The townsite has been continuously inhabited since Roman times, except for the years 1832-1856 when the Welsh frankly lost interest in it.
[edit] Geography
Wittinghermandershire Upon Broohavensmarshington stands in a shallow valley between two soggy fens, quite a long distance from centres of population, art, culture, and mingerie. A river runs through it, but the river appears rather embarrassed and gets out of town as quickly as it can flow. The railway runs through the town but there is no railway station and the train does not stop.
[edit] City Governance
In medieval times the town fell under the rule of the Duke of Ramsdag. He was a cruel overlord, and often conscripted the townspeople to clean his garage and repaint the castle rumpus room. He levied a tax on laxatives, and required farmers to give him half of all their annual toilet tissue crop. His men enforced strict controls on cheese-slicing; it was only after the Cromwellian revolt that the people of Wittinghermandershire were able to cut the cheese without let or hindrance.
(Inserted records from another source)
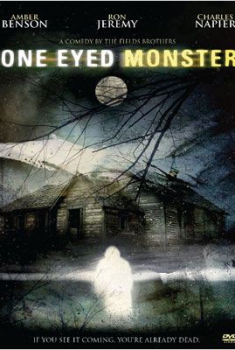 One-Eyed Monster  (2008)
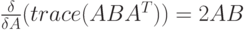 \frac {\delta} {\delta A} (trace(ABA^T))=2AB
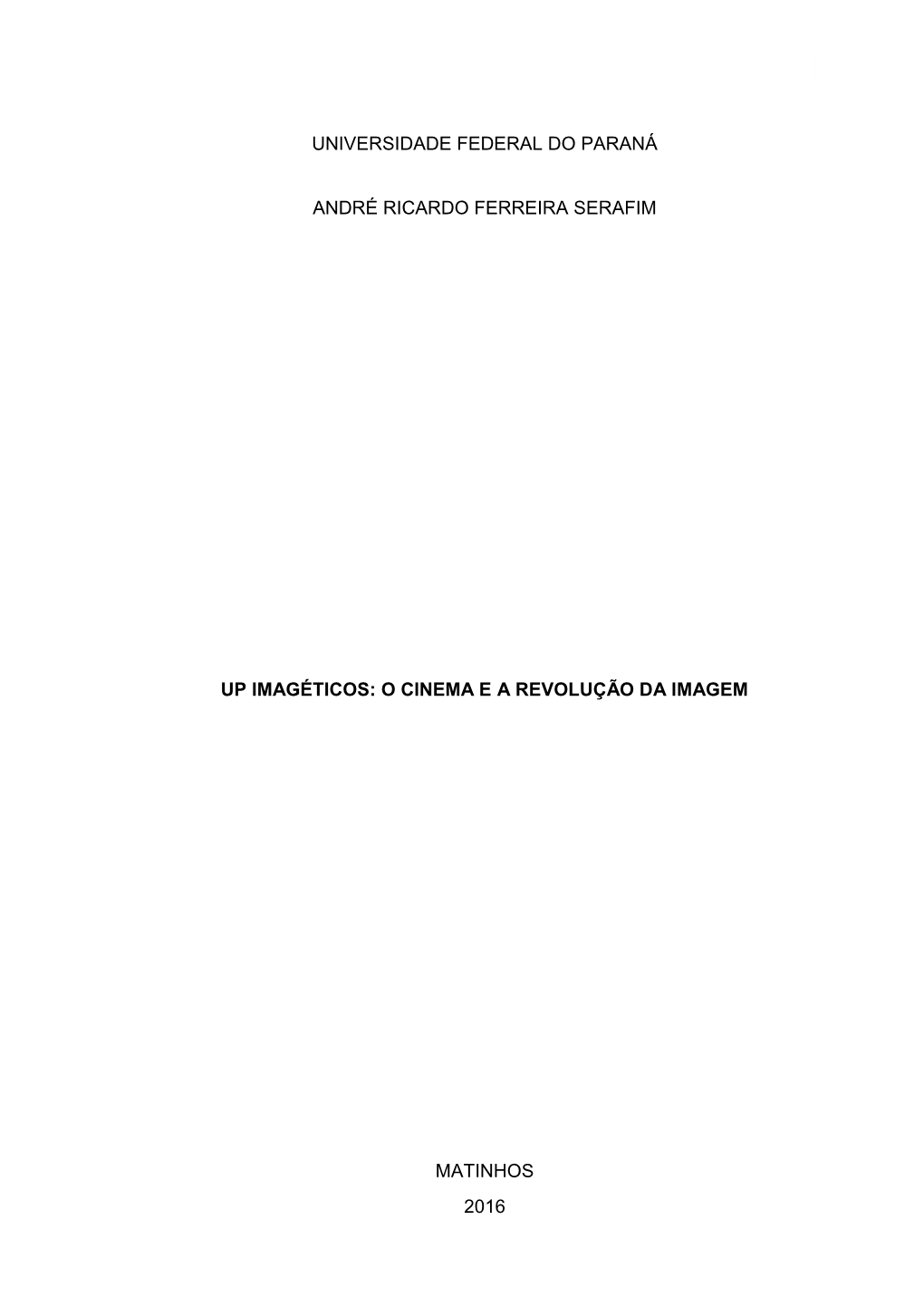 André Ricardo Ferreira Serafim up Imagéticos: O Cinema E a Revolução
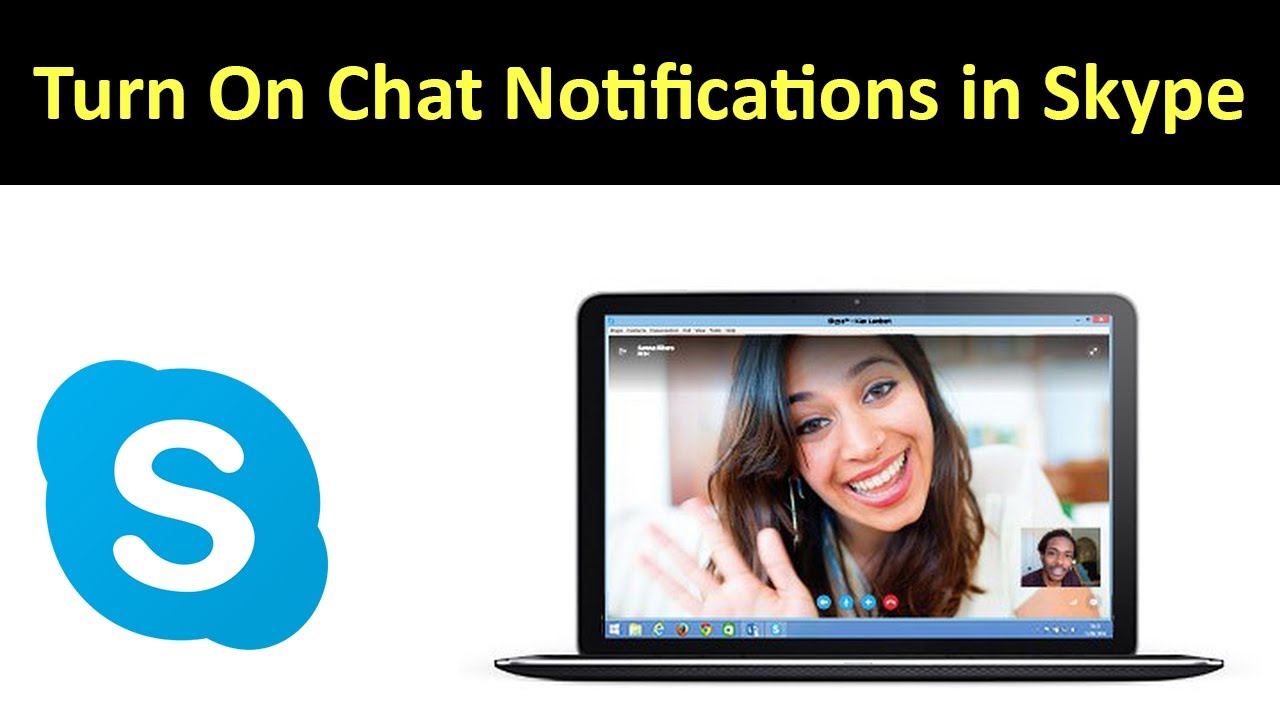 How to Turn On Chat Notifications in Skype?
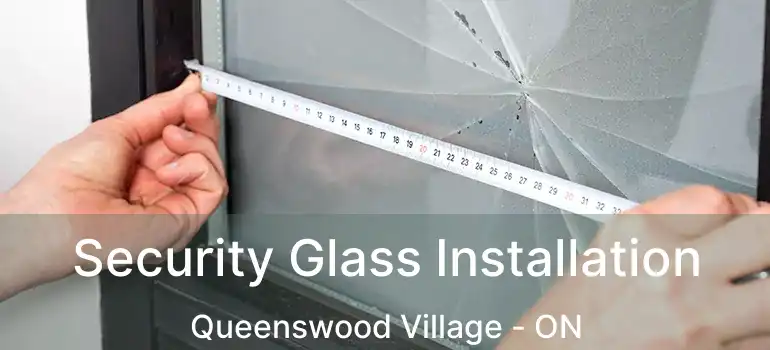  Security Glass Installation Queenswood Village - ON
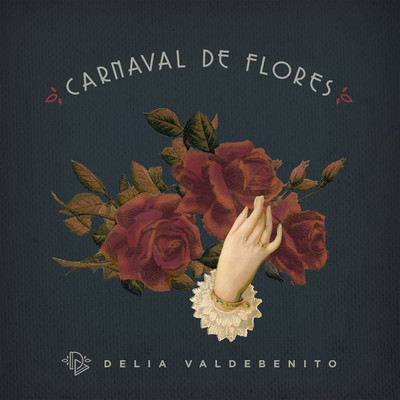 アルバム/Carnaval de Flores/Delia Valdebenito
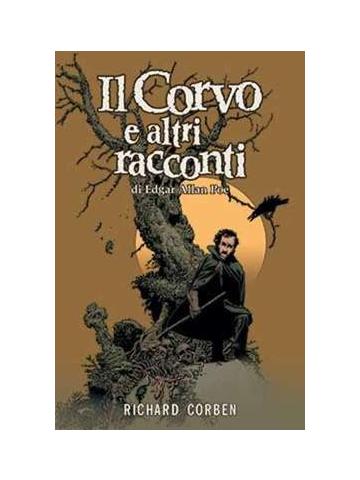Corvo E Altri Racconti Di Edgar Allan Poe Il 01 - UNICO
The present mayor, Sir Fotherington Trump, is a distant brother of world famous Donald Trump. In a vain attempt to re-create the famous 'Trump Towers,' Fotherington stacked twenty-seven wooden bricks end on end. This impressive structure (known as Trump Two) could be seen from as far away as the village green (approximately a good thirty-seven strides of Big Steve.)
However tragedy struck the Trump Family when their pet beagle, Arthur, knocked it whilst urinating against it and the structure fell on him breaking the name tag off his collar. Evidently the beagle ran for cover and no-one has seen him since. Sir Fotherington's niece has stated, on record (or possibly CD), that she believes Arthur will return when 'He gets hungry and wants his din-din nibbles.'
[edit] Sites of Interest
Several holy sites have been built within the town limits. The most famous of these would have to be Saint Heralds Church of the Holy Related Incident. No one has any memory of what the related incident was and all record of it was lost when one of the choir boys burnt the church down whilst playing with action men (like GI Joe but British).
The Sepulchre of Saint Cnrwygdu is on the edge of town. The Saint lived from 1051 to 1109, and was canonized by Pope Grenadine IIVXIIV for the miraculous feat of multiplying a single pint of stout into enough to get the whole town of Wittinghermandershire drunk as lords. This, said the Pope, was just like the Biblical miracle of the loaves and fishes but alcoholic instead. Modern research suggests that Cnrwygdu simply bought twenty cases of stout from the nearby town of Runnyboyle-Under-Gurdel and sneaked it into the pub through the back door.